UNITAMS, Sudan'da iki yıldan fazla kaldı ve bu süre zarfında bazen bilinmeyen yüzlerin de dahil olduğu onlarca toplantı düzenledi. Bazı yüzler vardı ve katılım nedenleri belli değildi. Ta ki olay örgüsü karışıncaya ve çok sayıda kişinin pastadan pay almaya çalışmasıyla sahne karmaşık hale gelinceye kadar. Bu açıdan bakıldığında pek çok kişi, UNITAMS'ın bu heyecanlı atmosferdeki rolünün, tıpkı varlığının savaşı engellememesi gibi, meselelerin karmaşıklaşmasına, geçiş döneminin karmaşıklıklarının artmasına ve anlaşmazlıkların uzamasına katkıda bulunabileceğini gördü. BM Güvenlik Konseyi çalışmalarını sürdürmeye ve bir yıl daha uzatmaya karar verse bile bu, sürdürmekte ısrar ettikleri dışlayıcı mücadelelerin ortasında pusulayı kaybeden başarısız elitlerin yarattığı acınacak bir gerçeklik olan Sudan'daki durum gerçekliğinde hiçbir şeyi değiştirmeyecek.

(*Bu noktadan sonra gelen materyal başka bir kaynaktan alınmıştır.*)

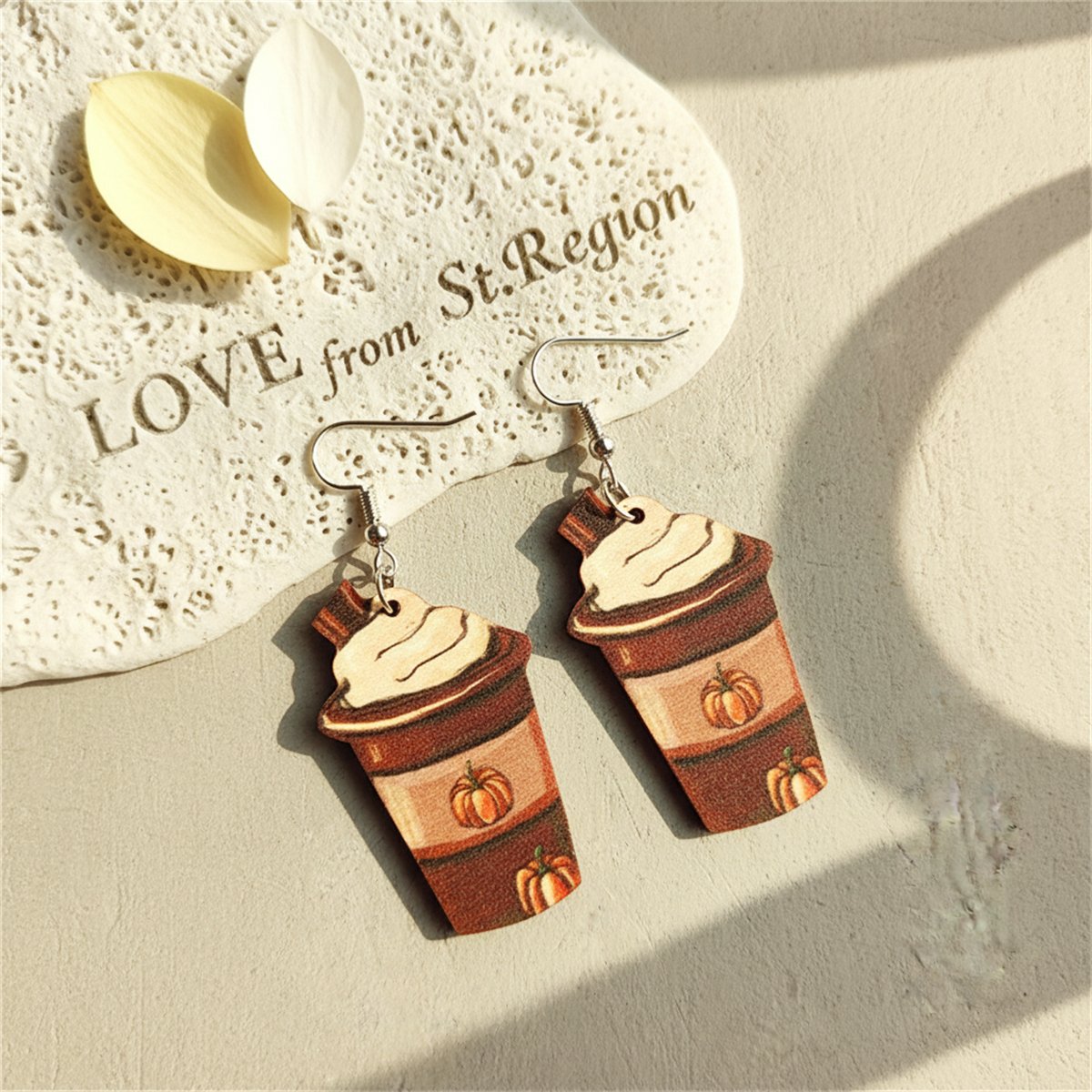 Brown Pumpkin Whip Cream Drink Drop Earrings, drop earrings for women, vintage-inspired design, lifestyle look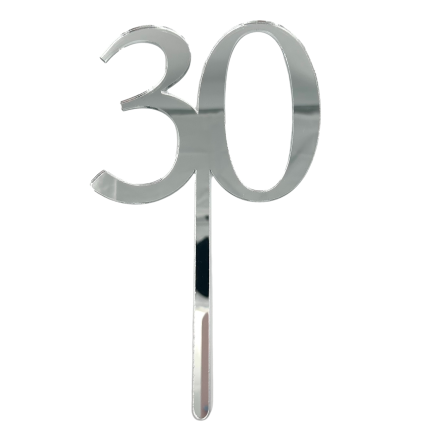 30 SILVER TALL MIRROR ACRYLIC CAKE TOPPER
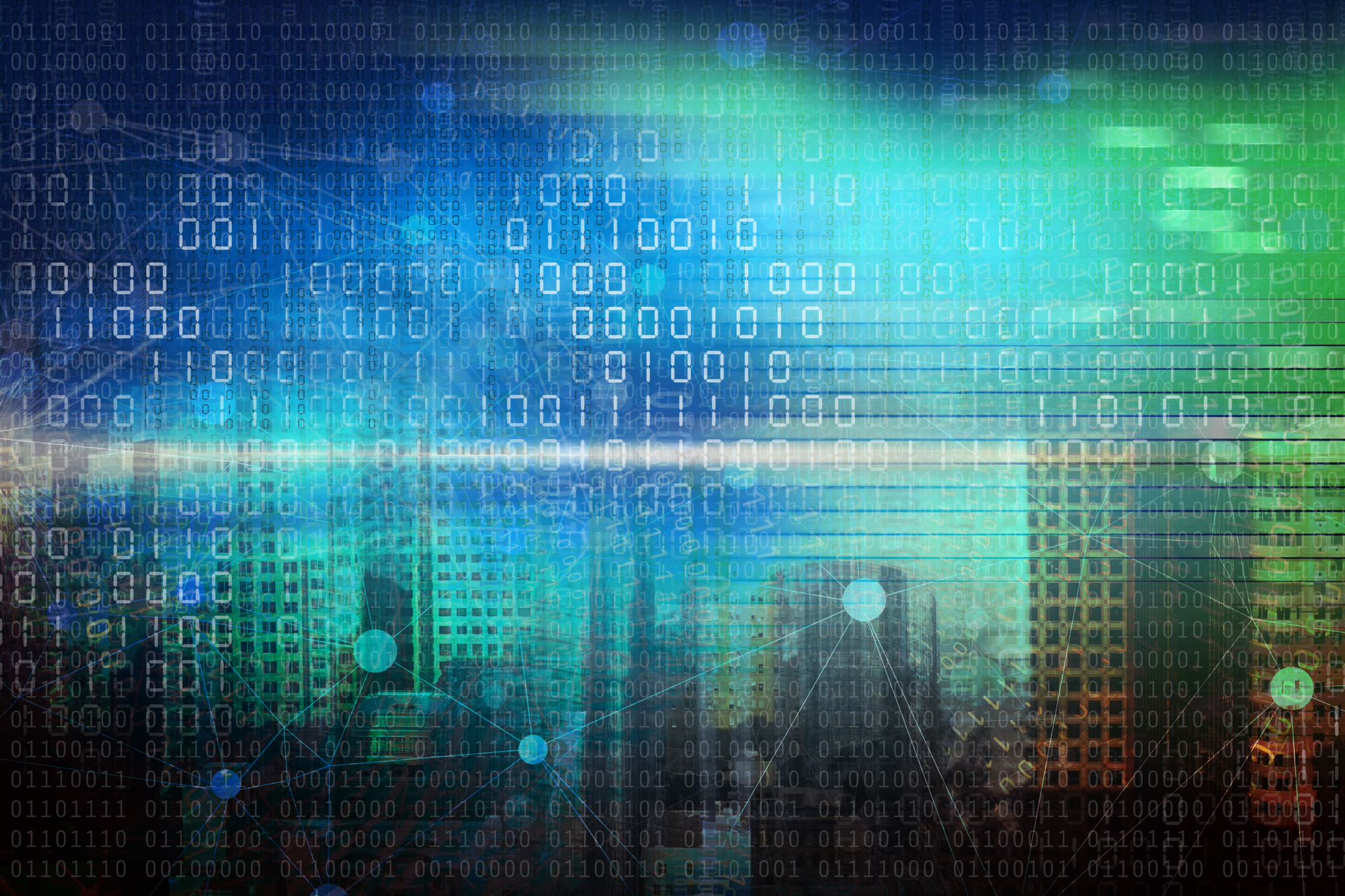 data graphic over a view of a city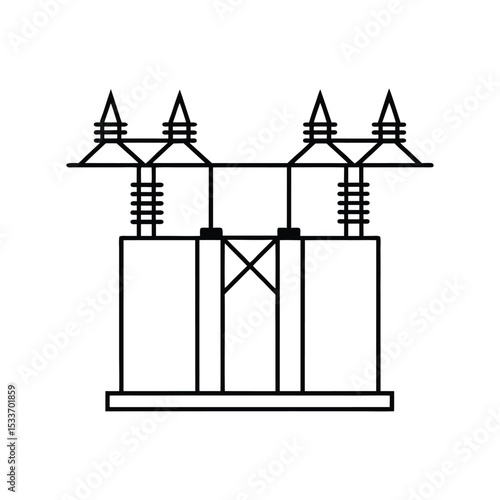 power transformers line art on white background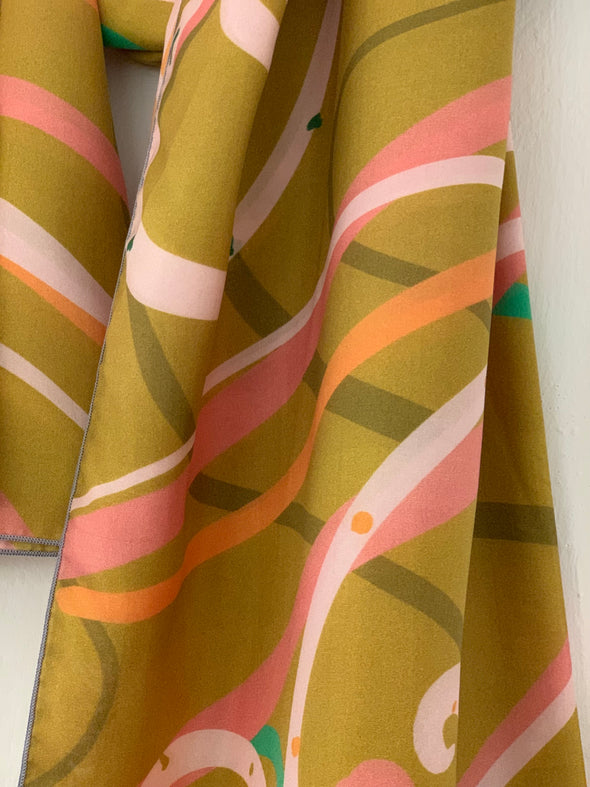 Mustard Movement designer silk scarf
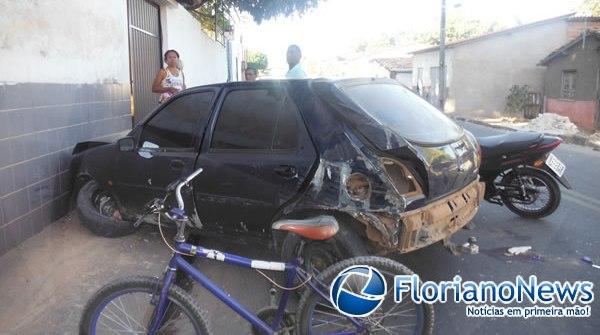 Motoqueiro fica ferido e homem &eacute; preso por embriaguez ap&oacute;s acidente.(Imagem:FlorianoNews)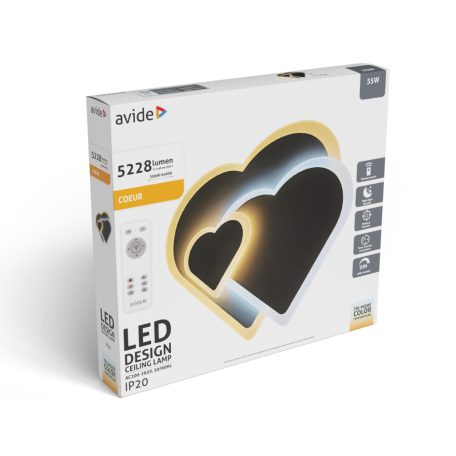Avide Design Mennyezeti Lámpa Coeur 55W(27.5+27.5) RF Távirányítóval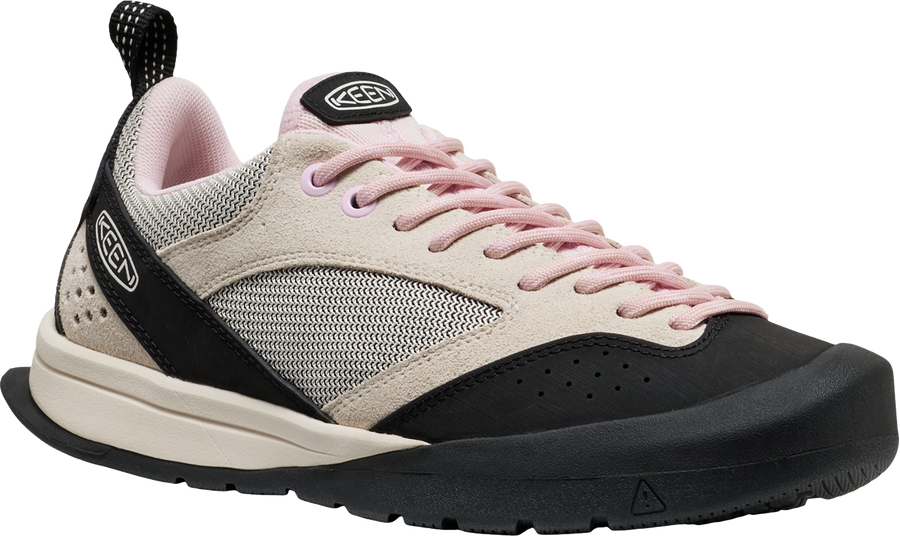 Quarter turn view Women's KEEN Footwear style name Jasper III in color BIRCH/BLK. Sku: 1031197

Hamduk liderliğindeki Sivil Demokratik Güçler Koordinasyonu, Guterres'e ve BM Güvenlik Konseyi’ne, Sudan'da UNITAMS’ın görev süresinin sona erdirilmesini talep etme hakkına sahip hiçbir meşru hükümetin bulunmadığını söyledi. Gerçek şu ki artık hiç kimse, devrimi çalınan, ülkesi yok edilen ve daha önce hiç görmedikleri acılara sürüklenen Sudanlılar adına konuşma meşruiyeti veren bir yetkiye sahip olduğunu iddia edemez. UNITAMS gitse de kalsa da Sudan'ın sorunu çözülmeyecek. Çünkü kriz, Sudan'ın eseri. Koltuk paylaşımı ya da ayrıcalık uğruna değil, milletin iyiliği için uzlaşı zemini bulmadıkça çözüm gelmeyecek.